I would recommend this:
pushd "$D"
# do something ...
popd
The end result is the same, with the difference that you don't need to specify where to go back, it will go back to the right place. It's more robust that way.
UPDATE
As you pointed out, if you want to prevent pushd
and popd
from producing output, you have to redirect their output to /dev/null
.
pushd "$D" >/dev/null
# do something ...
popd >/dev/null
Also note that because of the cd ..
, the script will not work if there are deeply nested directories, as cd ..

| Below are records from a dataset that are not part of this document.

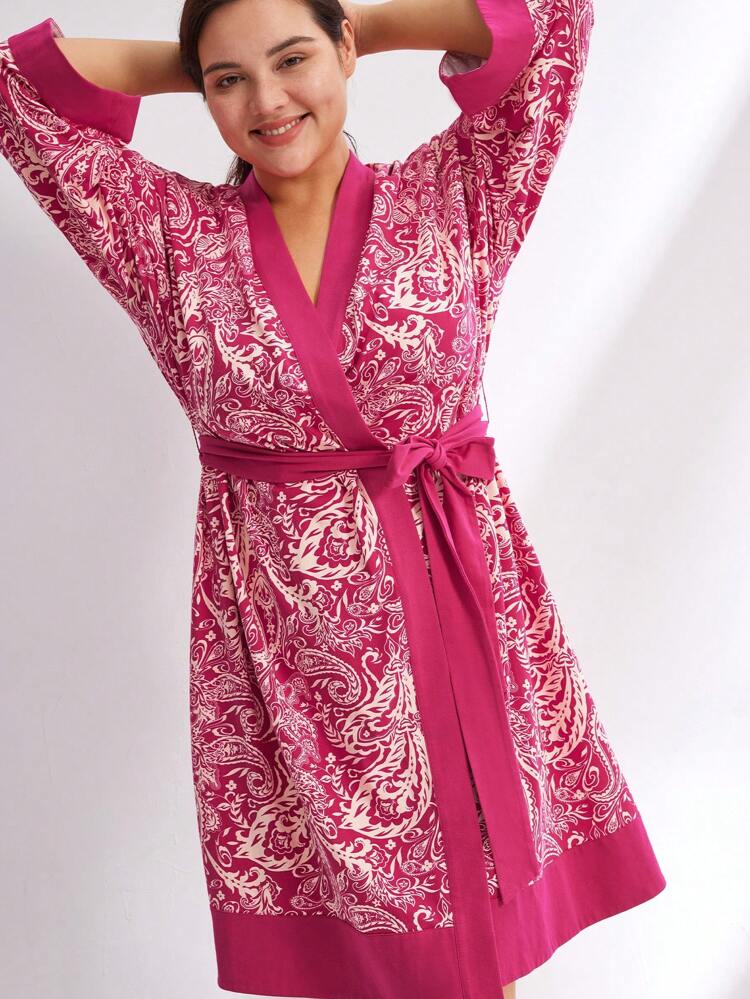 Bata de mujer talla grande de algodón con estampado de paisley rojo para atar, camisón, bata de baño de mujer, lencería, pijama de otoño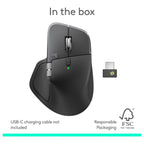 Logitech MX Master 4 Wireless Mouse, Bluetooth, USB-C Charging, Graphite 910-007565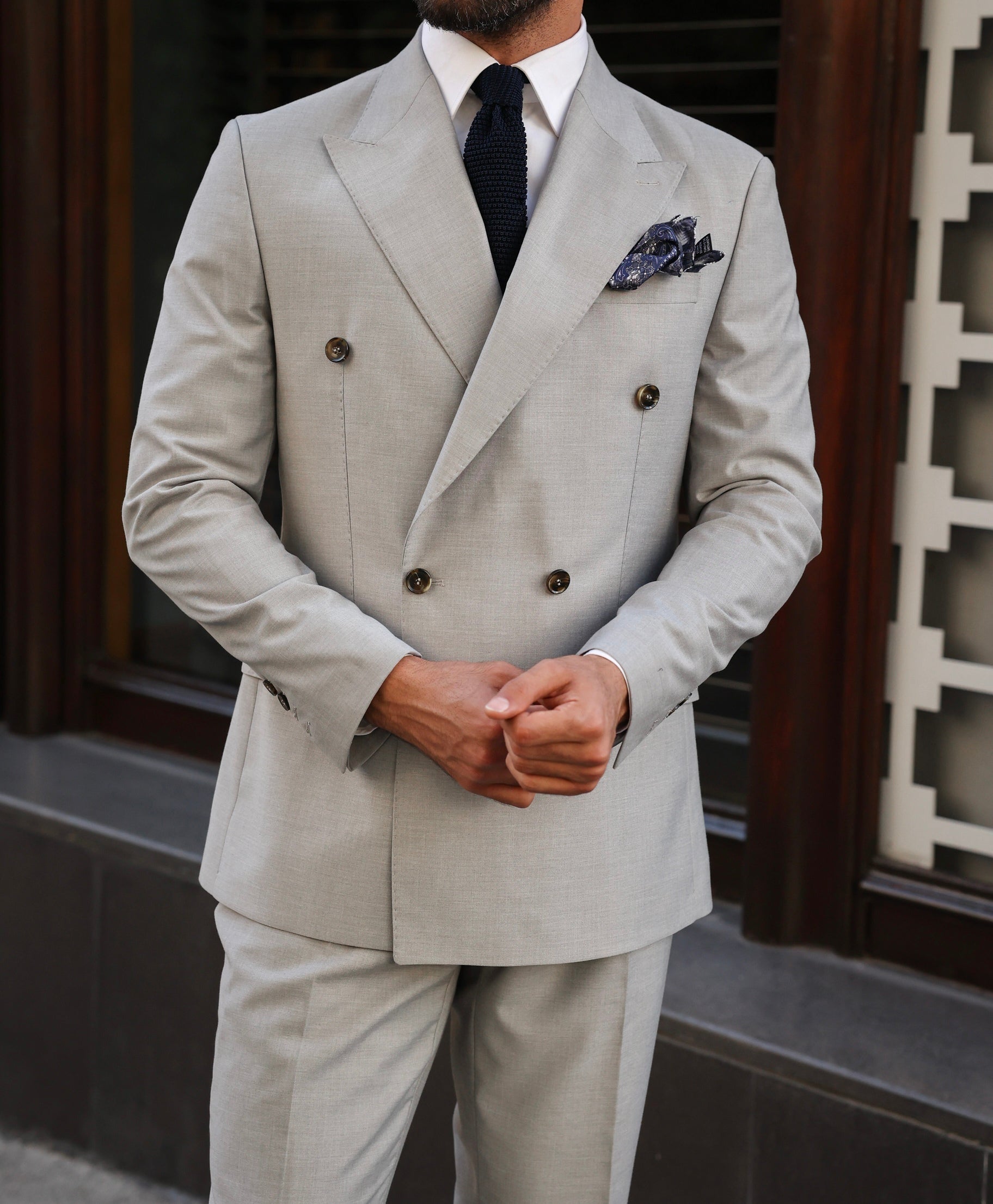 Light Grey Double Breasted Suit 2-Piece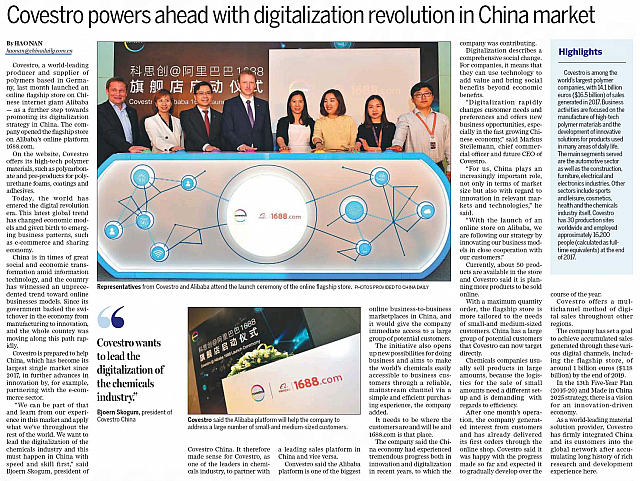 Covestro powers ahead with digitalization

may not go back enough. (This kind of problem is part of the reason why it's better to avoid changing directories in the middle of a script.) Using pushd
and popd
help in this situation, because popd
will bring you back to the directory of the last pushd
, no matter how deep you went. A similar alternative can be using cd $OLDPWD
.
Commenting
Finally, most of the comments are pointless, the code you commented already explains itself, doesn't it?
Suggested implementation
This is equivalent to your implementation but shorter and simpler:
#!/bin/bash
working_directory="$HOME/MEGAsync/downloads/books"
cd $working_directory
for D in */; do
folder_name=$(basename "$D")
set -- "$D"/*.pdf
if [ -f "1ドル" ]; then
declare -i i=0
for f in "$D"/*.pdf; do
i+=1
if [[ $i == 1 ]]; then
new_filename="$folder_name.pdf";
else
new_filename="${folder_name}_$i.pdf";
fi
cp "$f" "$new_filename"
done
rm -R "$D"
fi
done